2.6.3 Exploratory endpoints and biomaterial collection

Biomaterial, consisting of blood (EDTA-blood, plasma, serum, and peripheral blood mononuclear cells), tear fluid (collected with Schirmer test strips), and cerebrospinal fluid (CSF), will be collected at different timepoints throughout the study (Table 2). Pharmacokinetics of oral Fasudil and its active metabolite Hydroxyfasudil in patients with PD will be established by measurements in plasma (V1, V3, V5) and CSF (V3). ROCK activity will be quantified in the plasma at three timepoints, once before treatment (V1), once during treatment (V3), and once at the end of the wash-out period (V5). Additionally, biological samples will be available for exploratory analyses in future biomarker studies. Except for safety assessments, participation in the biomaterial collection is not a mandatory part of the ROCK-PD trial. All biomaterial samples not deemed for immediate analysis will be transferred and stored at the biobank of the Department of Neurology, School of Medicine, Technical University of Munich, Munich, Germany.

2.7 Safety

The clinical trial will be monitored by an independent Safety Monitoring Board (SMB). The SMB will conduct regular safety reviews throughout the clinical trial to assess the progress of the trial. All adverse events (AE) will be collected from V1 (start of IMP intake). Each AE is to be classified by the investigator as “serious” or “non-serious.” This classification of the gravity of the event determines the reporting procedures to be followed. The intensity of AE will be graded using the Common Terminology Criteria for Adverse Events of the U.S. Department of Health and Human Services. All SAE will be subject to a second assessment by a medical expert, who will be independent from the sponsor. The second assessor will monitor for a relationship between SAE and IMP and expectedness of SAE (derived from reference safety information). All serious adverse reactions (SAR) will be determined a suspected unexpected serious adverse reaction (SUSAR) and require expedited reporting according to the applicable legal framework (competent authorities, ethic committees, clinical trial sites).

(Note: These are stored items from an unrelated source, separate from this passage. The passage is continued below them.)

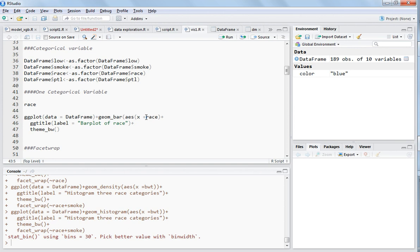Right now I am choosing the race variable which has three categories. I will be writing the race variable name in the x value, so x equals race. The rest will remain the same as I explained in geom_histogram.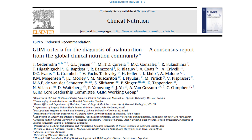It was agreed that a series of face-to-face meetings, telephone conferences, and email communications would be used to delineate the GLIM approach. The article was accepted on the 2nd of August 2018 and was published in February 2019.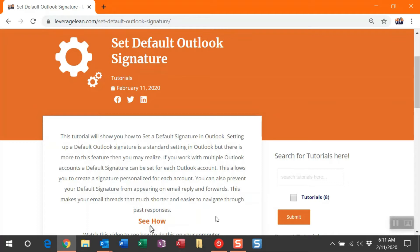Additionally, if your email threads are getting really long, look to where you're firing the default signature. You can fire it during new messages and also email replies and forwards. If you exclude the replies and forwards, you can narrow down your email threads, making it easier to navigate to those past responses.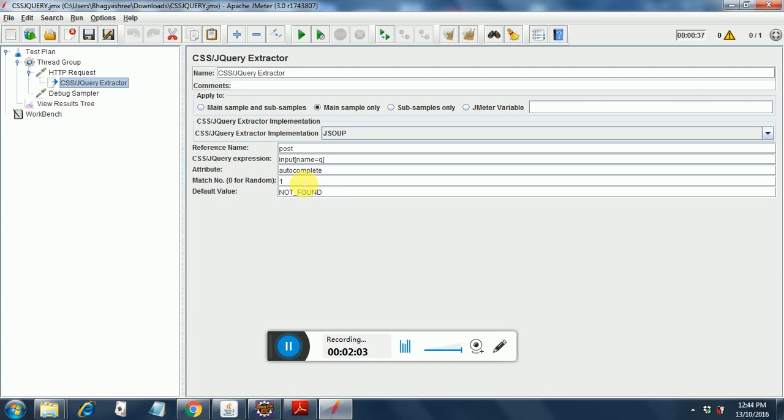In case a match is found, then I have put a one over here. You can put a zero for random, and the default value in case it is not found will be not_found. So let's run this and see how our results appear.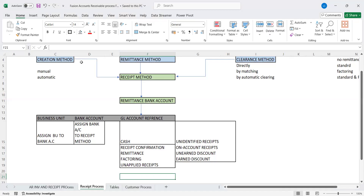These three different setups are very significant while creating a receipt using this entire process flow. Business unit: under which business unit the specific bank account will be associated — that will be assigned here. Bank account: which bank account we are going to use for maintaining customer payments — that will be associated with your receipt method. And GL reference accounts: what account entries — cash accounts, unidentified accounts, applied accounts — will all be derived from this setup.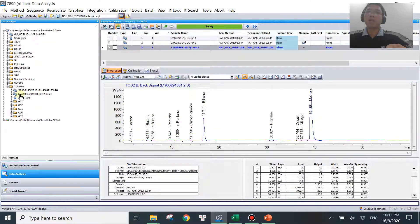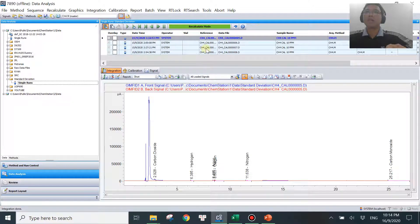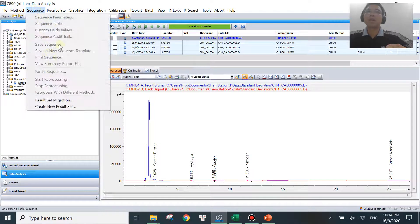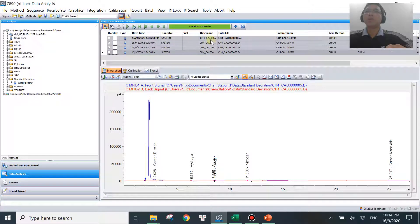The second scenario is when you didn't run your data by sequence and instead ran by single run. When you open single runs your data will show up, but certain icons are not available and some sequence menu options are greyed out, so you can't do reprocessing the same way. What you need to do is select the data you want to include in your calculation — let's say all four of them — highlight and select all of them, then go to Sequence.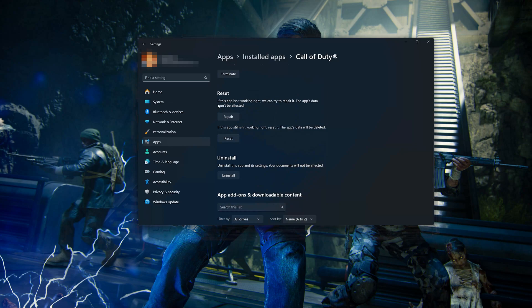If Call of Duty Black Ops 6 isn't working right, you can try to repair it. Call of Duty Black Ops 6 data won't be affected. Now press Repair.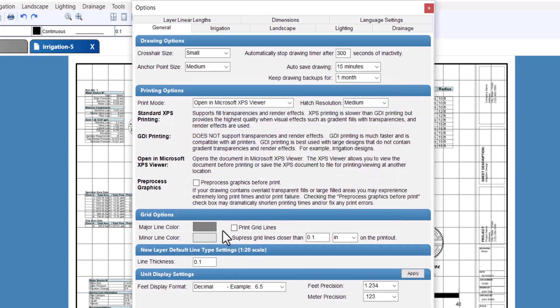To print the major grid lines to the drawing, ensure that the print grid lines checkbox is enabled. If this box is checked, the major grid lines will always be printed.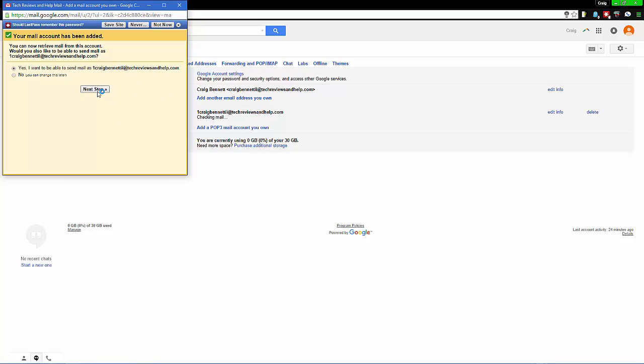From here we want to select No when asked if you want to send mail from this address, because again we're transferring everything over. If this was some other email account like a personal email account, that's fine, but this is a transfer. So we're going to select No and Finish.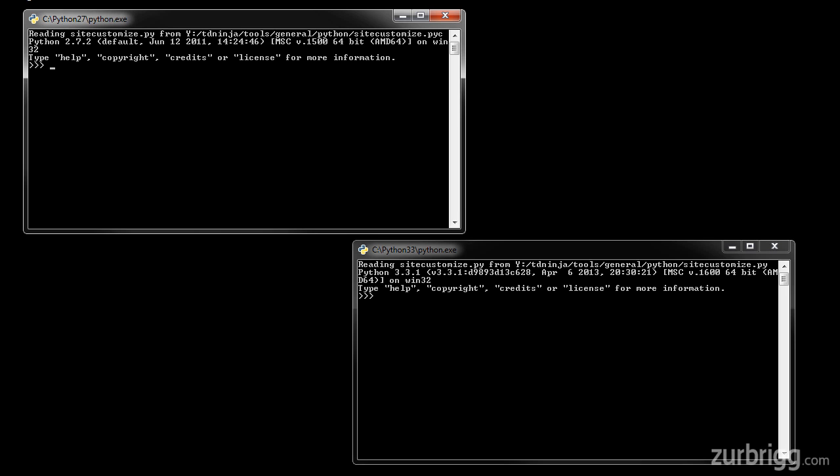We will avoid using deprecated features, those that have been removed from version 3, and leverage those features that have been backported. When there are multiple ways to perform an action in version 2, we will be using the one that is also supported in version 3.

2.8 Data recording and study monitoring

The documentation of the clinical trial data in adherence with the GCP-guidelines and the trial protocol is the responsibility of the investigator at the individual trial site. All essential documents will be kept in the Investigator Site File (ISF), which will be stored at the trial site in accordance with ICH GCP. Original data (source documents) remain in hospital medical records and information in the eCRF must be traceable and consistent with the original data. Source documents are, e.g., laboratory results, measurements of clinical scales, vital sign measurements, and questionnaires. No information in source documents about the identity of the patients will be disclosed. Data collected in this clinical trial and except data for exploratory analysis must be entered in an eCRF, which has to be completed by the investigator or authorized trial personnel and signed by the investigator. This also applies for those patients who do not complete the clinical trial. Every case of premature termination must be evaluated by the investigator, reasons for the termination assessed, and documented in the eCRF. The principal investigator holds the responsibility for ensuring the accuracy, completeness, and punctuality of all data submitted to the sponsor in the eCRFs and in all mandatory reports.

After database lock, the principal investigator will receive the study site data for archiving. Data are administered and processed by data management of the Münchner Studienzentrum (MSZ) with the support of a study database (eCRF). The evaluation of the data takes place by programmed validity and consistency checks.

Monitoring activities are performed to ensure that the clinical trial is conducted in accordance with the trial protocol, the principles of GCP, and local legislation. A monitoring plan will be applied, describing the scope of the monitoring activities in detail. A monitoring visit report is prepared for each visit describing the progress of the clinical trial and all identified problems. If a pandemic situation will not allow on-site monitoring, then remote monitoring or monitoring by phone is possible if data protection aspects are considered.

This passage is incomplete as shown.